PMO value to a mid-sized organization – Charanya Girish

Editor’s Note: This issue is brought written by Charanya Girish. Charanya is the Director, Project Management at MESSA (Michigan Special Services Assoc.). She is a certified PMP with over 17 years experience in Project & Program Mgmt and PMOs. She is a member of the PMIGLC Advanced Topics Seminar team, WiPM and the Communications team, PMO SIG. Thanks, Charanya!

A disciplined approach to project execution is recognized as an essential factor for project success in organizations, large and small. The steady growth of Project Management Offices (PMOs) over the last few years in mid-sized enterprises proves that these businesses recognize the value Project Management (PM) can provide.

PMOs come in different flavors depending on their authority and the projects under their purview. At one book-end is the PMO that only provides methodology support for project managers. On the other end they have significant authority over prioritization and management of projects. Mid–sized organizations often do not have deep pockets and so will benefit from a PMO that is more than a mere methodology support arm. A three layered approach proposed below ensures enduring success for the organization.

In the formative stage, it is best to start with a conservative approach with the PMO as the owner of PM standards and methodology. Repeatable best practices are built up over time so that more successful projects flow through to the bottom line, helping build a strong foundation for future phases.
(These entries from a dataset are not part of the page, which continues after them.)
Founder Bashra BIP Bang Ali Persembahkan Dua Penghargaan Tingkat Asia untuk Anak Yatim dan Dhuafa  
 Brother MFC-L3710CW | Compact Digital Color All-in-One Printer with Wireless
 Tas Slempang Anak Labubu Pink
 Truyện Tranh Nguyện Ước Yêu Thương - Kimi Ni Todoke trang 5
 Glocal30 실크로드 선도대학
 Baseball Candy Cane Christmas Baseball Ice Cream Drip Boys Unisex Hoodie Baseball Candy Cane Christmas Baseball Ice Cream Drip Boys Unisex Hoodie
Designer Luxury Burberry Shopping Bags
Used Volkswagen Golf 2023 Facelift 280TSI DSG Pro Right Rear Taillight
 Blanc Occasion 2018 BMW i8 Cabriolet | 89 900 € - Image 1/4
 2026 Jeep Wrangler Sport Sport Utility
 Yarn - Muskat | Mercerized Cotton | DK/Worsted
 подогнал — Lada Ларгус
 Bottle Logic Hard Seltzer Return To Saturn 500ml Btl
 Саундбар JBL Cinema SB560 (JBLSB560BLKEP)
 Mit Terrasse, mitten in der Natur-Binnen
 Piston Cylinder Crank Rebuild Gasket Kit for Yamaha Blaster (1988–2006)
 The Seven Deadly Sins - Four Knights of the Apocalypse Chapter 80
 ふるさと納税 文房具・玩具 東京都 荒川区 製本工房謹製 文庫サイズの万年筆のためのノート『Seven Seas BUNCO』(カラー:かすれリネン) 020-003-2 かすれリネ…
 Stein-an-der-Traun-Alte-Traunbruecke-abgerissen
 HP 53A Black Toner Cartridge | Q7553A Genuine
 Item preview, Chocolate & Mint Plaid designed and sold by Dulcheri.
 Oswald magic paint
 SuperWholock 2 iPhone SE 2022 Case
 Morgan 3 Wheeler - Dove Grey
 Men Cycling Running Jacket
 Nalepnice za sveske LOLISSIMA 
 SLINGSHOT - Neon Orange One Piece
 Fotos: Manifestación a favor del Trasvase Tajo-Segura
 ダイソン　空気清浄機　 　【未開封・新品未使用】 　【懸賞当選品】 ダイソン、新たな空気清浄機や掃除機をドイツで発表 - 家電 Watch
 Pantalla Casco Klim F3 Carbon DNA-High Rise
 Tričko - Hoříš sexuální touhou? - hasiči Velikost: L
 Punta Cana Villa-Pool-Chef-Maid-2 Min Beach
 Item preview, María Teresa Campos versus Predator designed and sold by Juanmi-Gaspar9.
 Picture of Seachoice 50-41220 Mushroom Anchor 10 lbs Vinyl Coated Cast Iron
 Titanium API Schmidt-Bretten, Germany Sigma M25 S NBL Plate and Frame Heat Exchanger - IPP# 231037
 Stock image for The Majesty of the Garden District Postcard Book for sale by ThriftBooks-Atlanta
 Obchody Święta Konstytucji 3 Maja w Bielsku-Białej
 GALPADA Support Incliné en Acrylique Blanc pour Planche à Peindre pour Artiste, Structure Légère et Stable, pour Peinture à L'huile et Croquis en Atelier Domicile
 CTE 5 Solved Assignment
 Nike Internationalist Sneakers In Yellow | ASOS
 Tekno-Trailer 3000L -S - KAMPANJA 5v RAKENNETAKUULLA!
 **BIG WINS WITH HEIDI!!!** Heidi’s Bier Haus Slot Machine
In the second phase the focus is on Project & Portfolio management (PPM) where the department serves as a source of information on all projects contained in the portfolio. The PMO now becomes a bi-faceted department and has to build a strong governance structure to select, prioritize and monitor project investments. Rigorous change control procedures are put in place with a watchful eye on risk and issue management. Metrics tracking takes place for the portfolio and the information is disseminated among all the stake holders. Thresholds are established to determine which projects need to be monitored by the PMO. The portfolio need not track smaller projects as strict adherence to methodology in its entirety for such projects can be an over kill. Thus as a portfolio manager this Office ensures the methodology is adhered to, projects selected have strong business value and well thought-out plans with committed resources.
The third step is part of an emerging trend that positions the PMO as an entity that influences the strategic direction of the enterprise, while continuing its traditional focus on PPM and methodology. In such circumstances the PMO helps align projects to corporate goals through an integrated enterprise project management process. These set of processes enables the Enterprise Governance Board to accelerate, delay or terminate projects so that the portfolio stays continuously aligned to corporate objectives. The PMO helps in organizational change management by setting up procedures that enable the business units to implement the organization's business strategies.
Realizing benefits from such a transformation is not an overnight phenomenon. Each organization differs in its willingness and ability to adapt to change. Returns can be quantifiable over time by reduction in rework and project life cycles coupled with improved quality. Many establishments have little patience for the alterations a PMO ushers in and initial reactions can be heart breaking, despite strong senior management support. The temptation to do a ‘big bang’ change in a short time should be resisted unless the organization can handle it. Applying the right change leadership steps and having a realistic timeline ensures long term success. Such an evolution makes sure the PMO becomes a powerful catalyst for fostering innovation and delivering value to the enterprise.